The thyroid parenchyma consists of many follicles with a rich vascularized stroma containing scattered “C” cells (parafollicular cells) and minimal collagenous septae. The follicles are lined by a cuboidal epithelium and filled with a pink-staining colloid material which is the stored gel-like thyroglobulin. With thyroid stimulating hormone (TSH) secretion by the pituitary, thyroglobulin is processed by the follicular epithelial cells to thyroxine (T4), and also a small amount of triiodothyronine (T3), which are then released into the bloodstream. TSH stimulation causes the follicular epithelium to become more columnar. Trace amounts of iodine in the diet are needed to form thyroid hormones.
The “C” cells in the interstitium between the follicles produces calcitonin, which in humans has minimal functionality.
The parathyroid glands are embryologically derived from the 3rd and 4th pharyngeal pouches. Since the thymus is also derived from the 4th pharyngeal pouches, thymic tissue may be seen adjacent to parathyroid, and parathyroid may be found in the anterior mediastinum, which is of no practical significance unless you are a surgeon trying to find a parathyroid adenoma. There are normally four parathyroids, but there can rarely be two or six of them. A normal parathyroid gland weighs about 80 to 100 milligrams and is an ovoid structure 2 x 3 x 5 mm in size.

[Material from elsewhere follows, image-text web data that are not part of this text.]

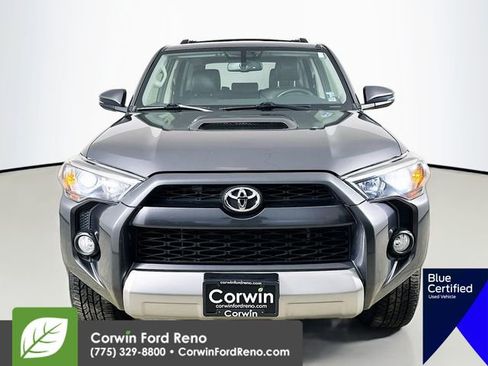 Used 2018 Toyota 4Runner TRD Off-Road Premium w/ Convenience Package image 2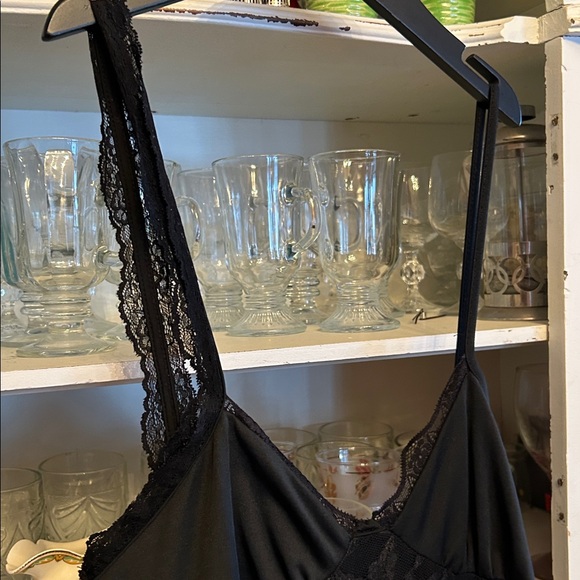 #125 Long Black Négligée P-P is 17” to 19” - Picture 3 of 4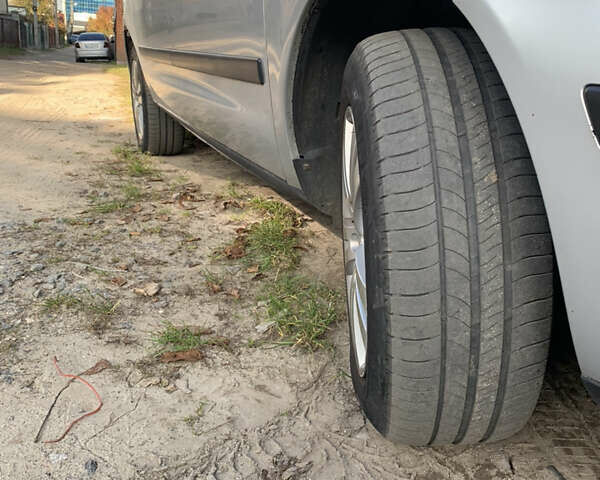 Сірий Форд Галаксі, об'ємом двигуна 1.9 л та пробігом 440 тис. км за 4500 $, фото 4 на Automoto.ua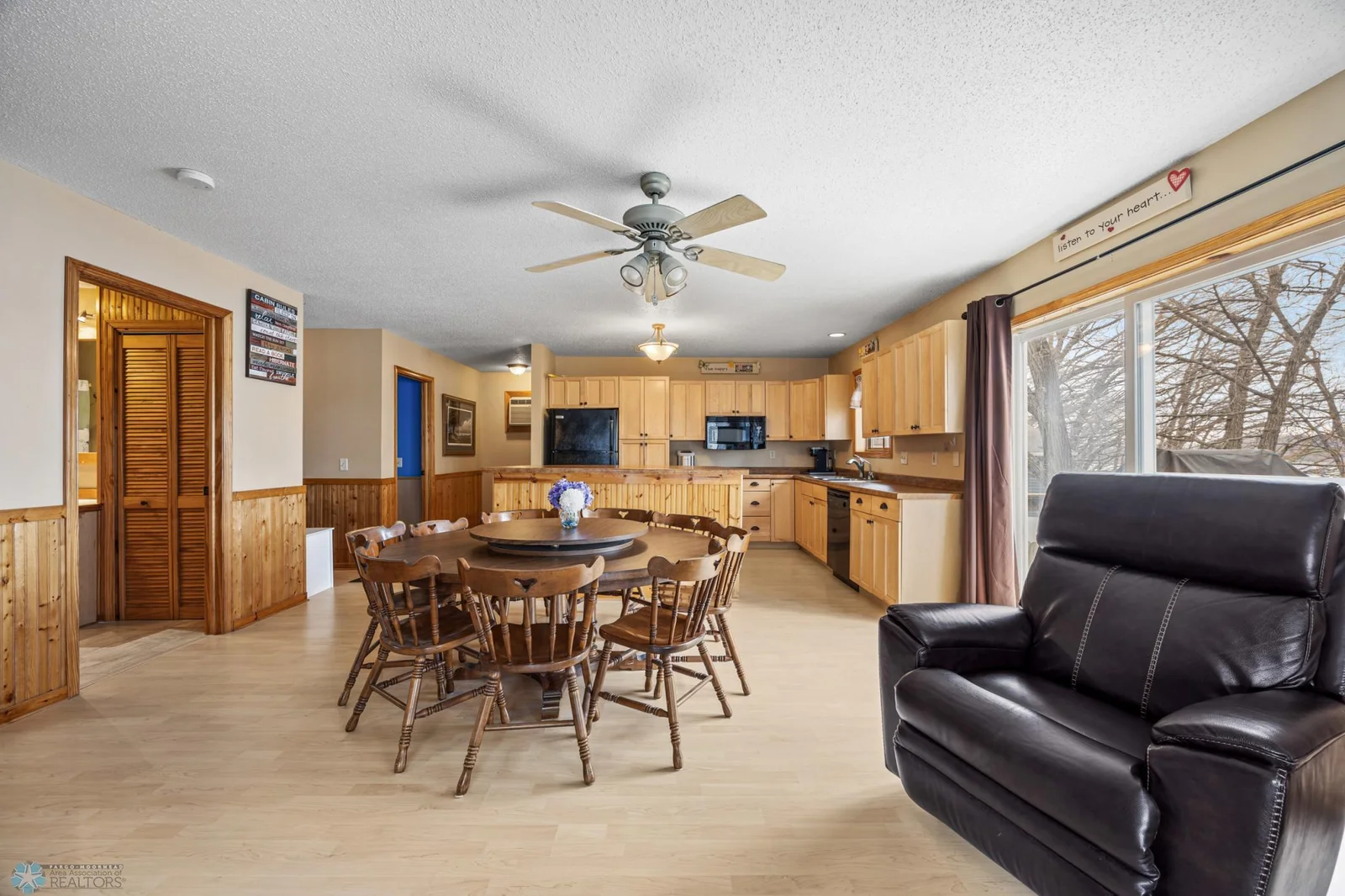 Dining Room/Kitchen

The parathyroid glands have a thin connective tissue capsule. There is a rich vascular supply to the stroma. The parenchyma consists of chief cells that secrete parathyroid hormone (parathormone) under the influence of decreasing serum calcium. There are also variable numbers of oxyphil cells in small nodules. The pink oxyphil cells have cytoplasm packed with mitochondria, so they must be doing something, perhaps transitioning to chief cells. A variable number of steatocytes are scattered in the parathyroid parenchyma.
This obscure gland resides at the base of the brain, attached near the habenula. It is a diencephalic structure, but has an endocrine function. This 5 x 8 mm gland has rounded pinealocytes with surrounding interstitial cells that function similar to neuroglial cells. Beginning in childhood and increasing throughout life, calcified concretions (“brain sand”) appear in the pineal.
The pinealocytes secrete the hormone melatonin, which may play a role in regulation of circadian rhythms and reproductive cycles. Peak melatonin production occurs at night. The pineal is innervated by a circuitous pathway from postganglionic sympathetic nerves that arise in the superior cervical ganglia in the neck. These nerve endings release norepinephrine to control melatonin production.